Mechanisms and Thermodynamics of Protein Folding
• Folding is not random but follows a hierarchical, stepwise process—secondary structures form first, followed by motifs, domains, and the final fold.
• Levinthal’s paradox shows that random folding would take astronomically long; instead, proteins fold rapidly via specific pathways and intermediates.
• The folding process is described by a free-energy funnel: unfolded proteins have high entropy and free energy; folding reduces conformational space and energy, forming intermediates until the native state is reached.
• Stability varies within proteins—some regions are highly stable, others are flexible or intrinsically disordered, enabling function or conformational change.
Chaperones and Assisted Folding
• Many proteins require chaperones—specialized proteins that bind and stabilize unfolded or partially folded polypeptides, preventing aggregation and assisting folding.
• Hsp70 chaperones (heat shock proteins) bind exposed hydrophobic regions, protect against heat stress, assist nascent chains, and use ATP for cycles of binding and release. Hsp70 can also deliver polypeptides to chaperonins.
• Chaperonins (e.g., GroEL/GroES in bacteria, Hsp60 in eukaryotes) provide a protected chamber for folding, preventing aggregation and constraining conformational search space.
• Protein disulfide isomerase (PDI) reshuffles disulfide bonds; peptide prolyl cis-trans isomerase (PPI) catalyzes isomerization of Pro peptide bonds, speeding folding.
Protein Misfolding and Disease
• Protein misfolding is common; cells degrade many misfolded polypeptides, but some escape quality control and form toxic aggregates.
• Amyloidoses (e.g., Alzheimer, Parkinson, Huntington diseases) involve misfolded proteins aggregating into amyloid fibers, rich in β-sheet, which damage tissues.
• Alzheimer’s: Amyloid-β peptide forms extracellular plaques; tau protein aggregates intracellularly. Inheritance of mutations can increase disease risk or change onset.
• Parkinson’s: Misfolded α-synuclein forms Lewy bodies; Huntington’s: Polyglutamine-expanded huntingtin aggregates in neurons; both show neurodegeneration if chaperone activity is insufficient.
• Cystic fibrosis: Deletion of Phe508 in CFTR causes improper folding, degradation, and loss of function. Corrector drugs can restore function by helping folding.
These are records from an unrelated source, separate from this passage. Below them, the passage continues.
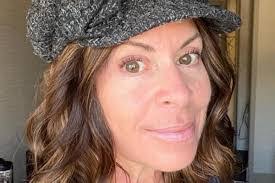 Tina Ward's Instagram, Twitter & Facebook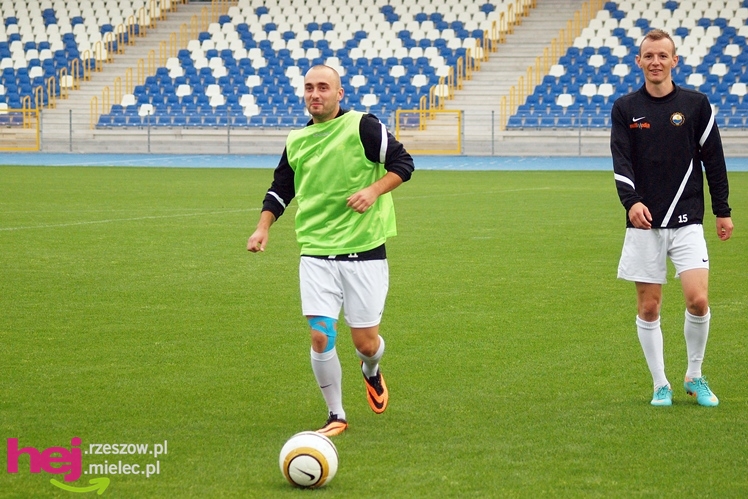 Stal Mielec testowała murawę na nowym stadionie: trening przedmeczowy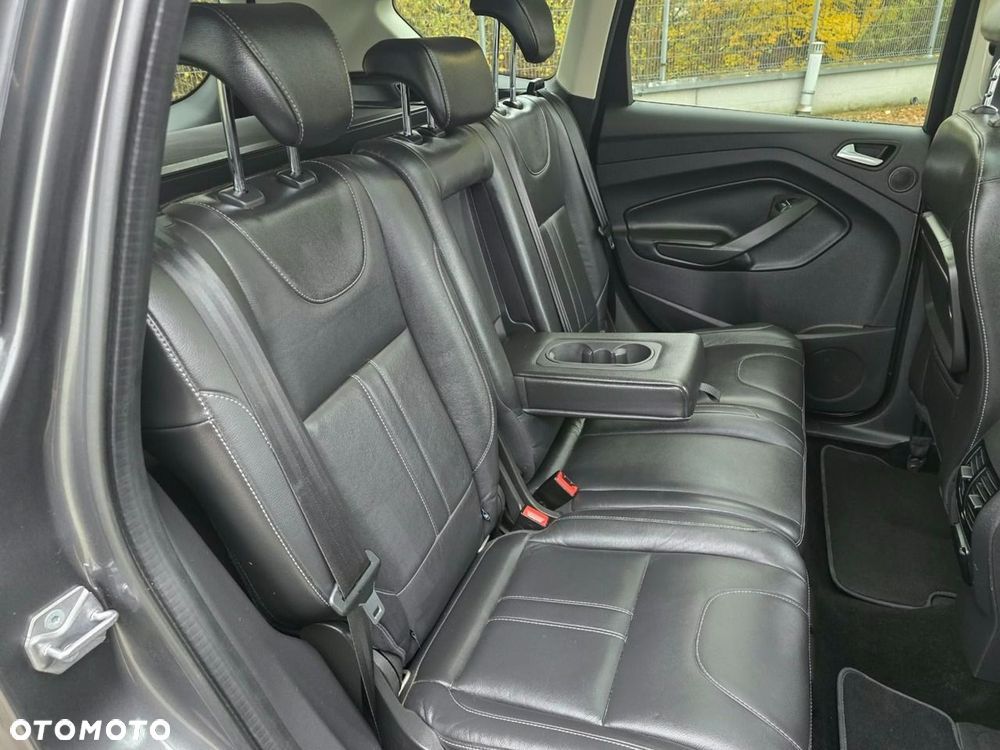 Ford Kuga - 31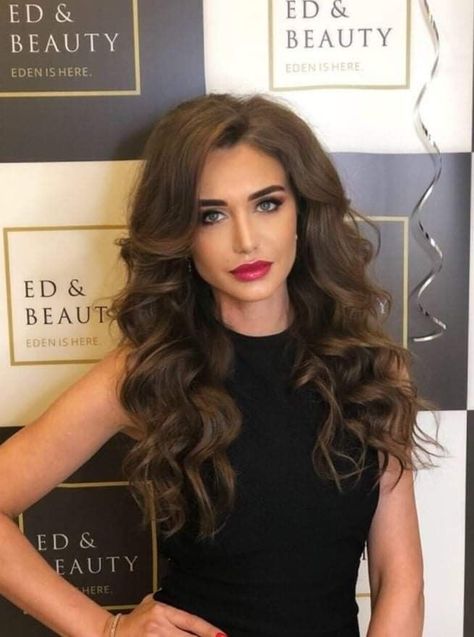 Women Relationship, Ukrainian Fashion, Pageant Hair, Large Curls, Formal Hairstyles For Long Hair, Guest Hair, Hollywood Hair, Curls For Long Hair, Asian Short Hair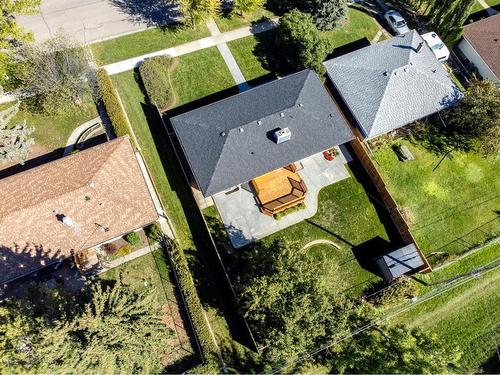 307 Simons Road Nw, Calgary, AB - Outdoor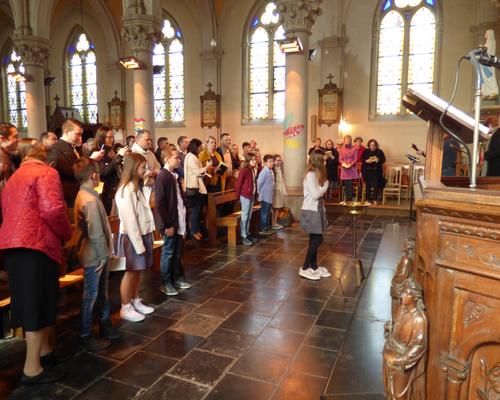 1eres communions Neuville 2018 (7)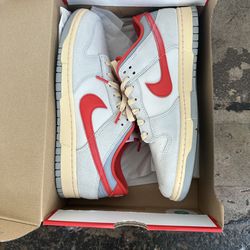 Nike Dunk Low (Size 11)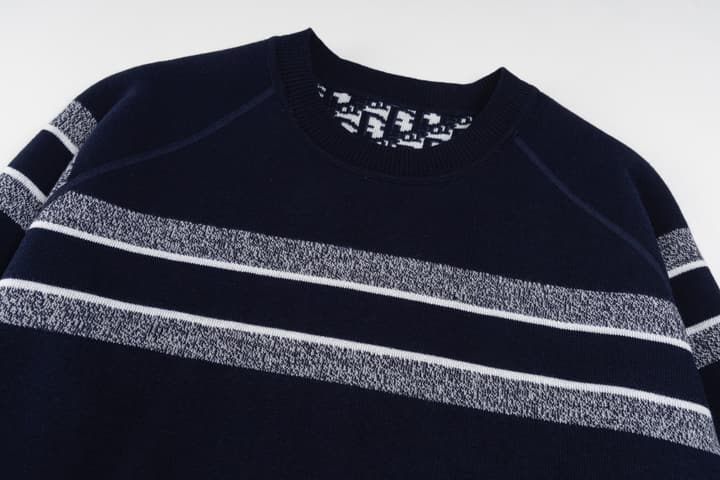 Dior Reversible Oblique Cashmere Crewneck Sweater – 25FW in Grey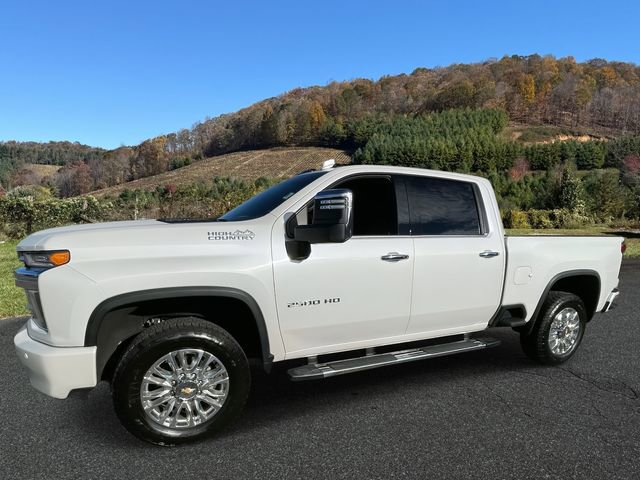Used 2022 Chevrolet Silverado 2500 High Country w/ LPO, Hitch Package image 3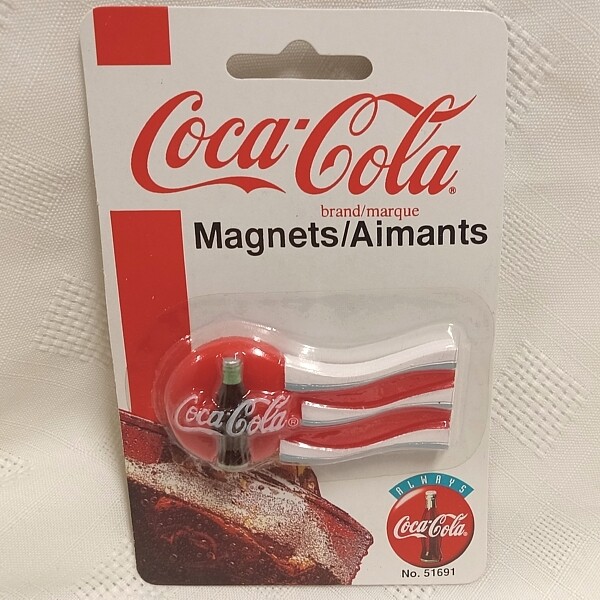 Coca-Cola Magnet - Wavy Design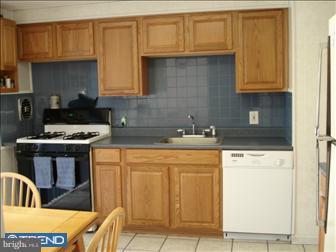 1018 Crest Road Pine Hill, NJ 08021 - Photo 3 of 6 Kitchen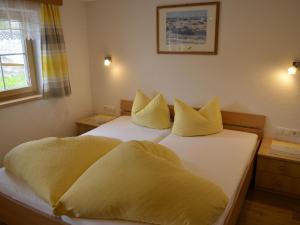 カップルにあるHoliday Home Bergblick - KPL118 by Interhomeのホテルルーム ベッド2台 黄色い枕付
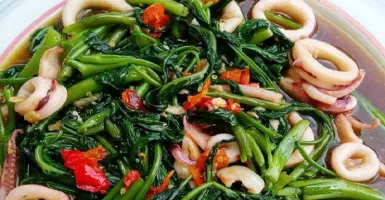 Kebanyakan Makan Kangkung, Ini Efek Buruk Buat Kesehatan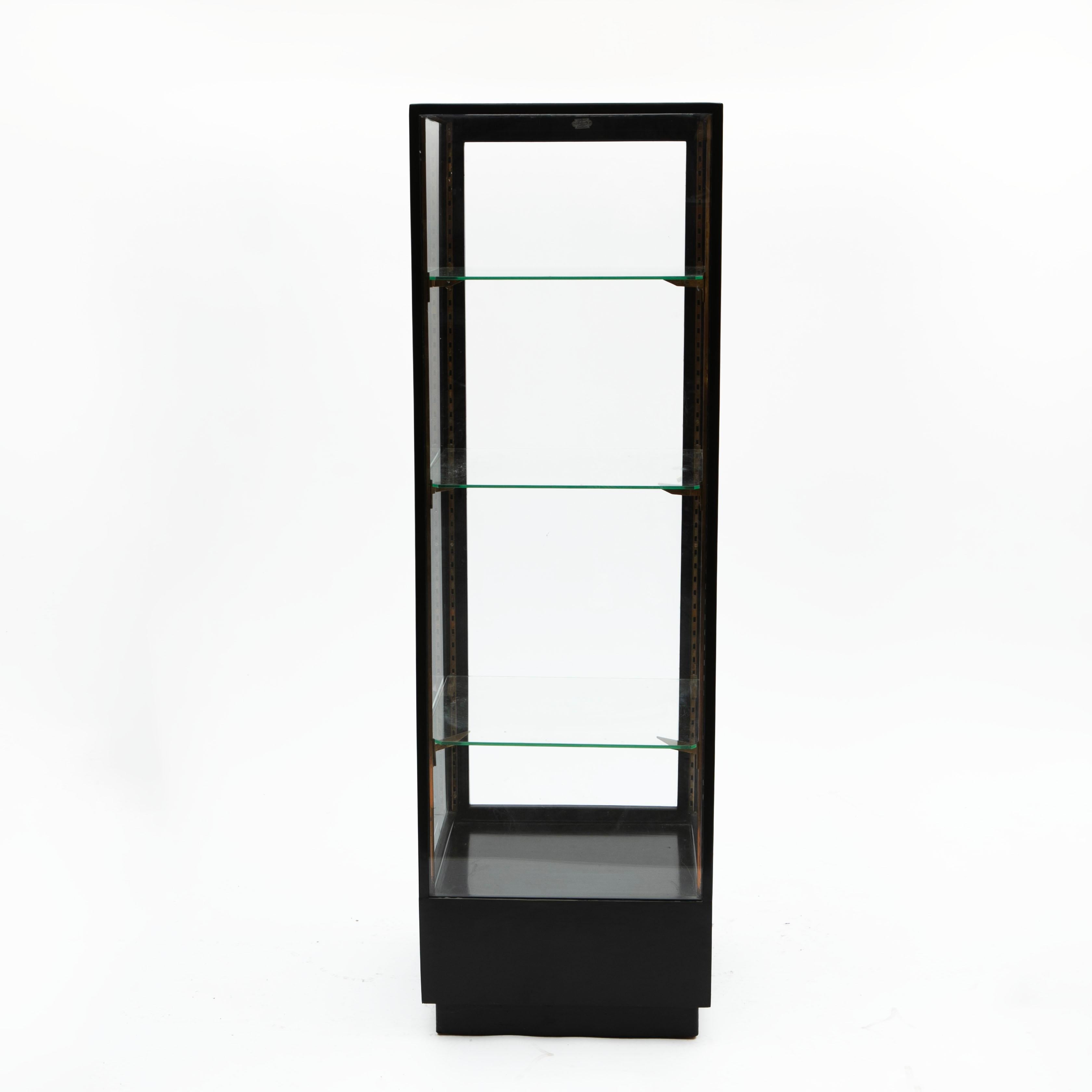 Französischer Vitrinenschrank aus ebonisiertem Glas im Art déco-Stil im Zustand „Gut“ im Angebot in Kastrup, DK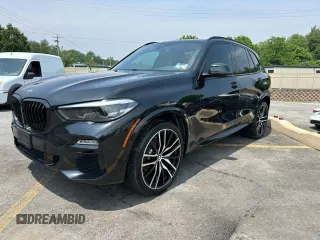 2019 BMW X5 xDrive40i z VIN 5UXCR6C52KLK85670, wystawiony jako Copart lot #61028215 z przebiegiem 76 569 mil mil oraz Czysty tytuł • Clean title. Historia ofert i sprzedaży dostępna na DreamBid. Obrazek 1.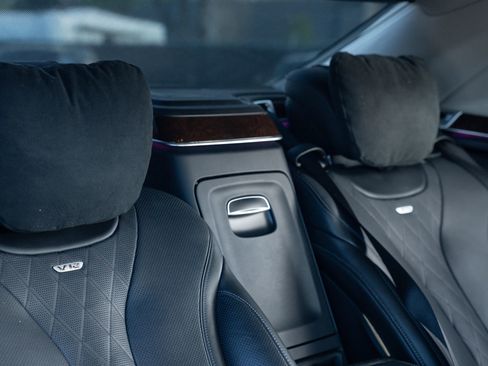 Used 2016 Mercedes-Benz Maybach S 600 image 34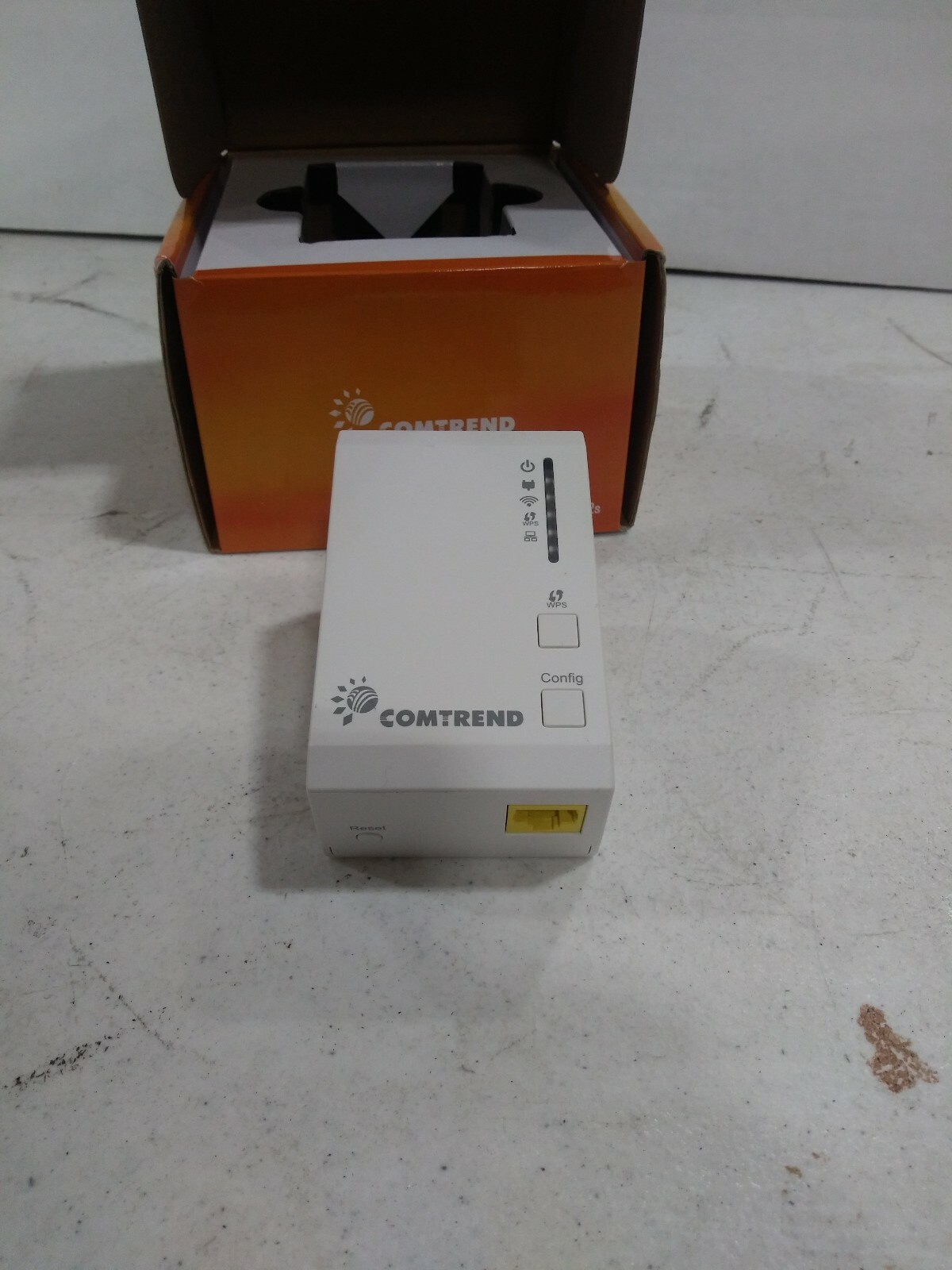 COMTREND POWER LINE ETHERNET ADAPTER WITH WI-FI N. PG-9142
• Prion diseases: Misfolded PrP protein (PrPSc) induces misfolding of normal PrP (PrPC), leading to infectious neurodegenerative diseases (mad cow, Creutzfeldt-Jakob, kuru, etc.). Prions propagate by conformational conversion, not nucleic acids, causing fatal brain degeneration.
• The presence of aromatic residues and β-sheet structure is key to amyloid and prion aggregation and disease progression.
In a Nutshell
• Proteostasis requires active management of protein folding, refolding, and degradation to maintain cellular function.
• Denaturation destroys protein structure and function but can be reversible in some cases, showing that sequence encodes folding.
• Protein folding is hierarchical and rapid, often requiring chaperones, isomerases, and energy input.
• Protein misfolding underlies numerous human diseases, making folding and quality control fundamental to cell health and medicine.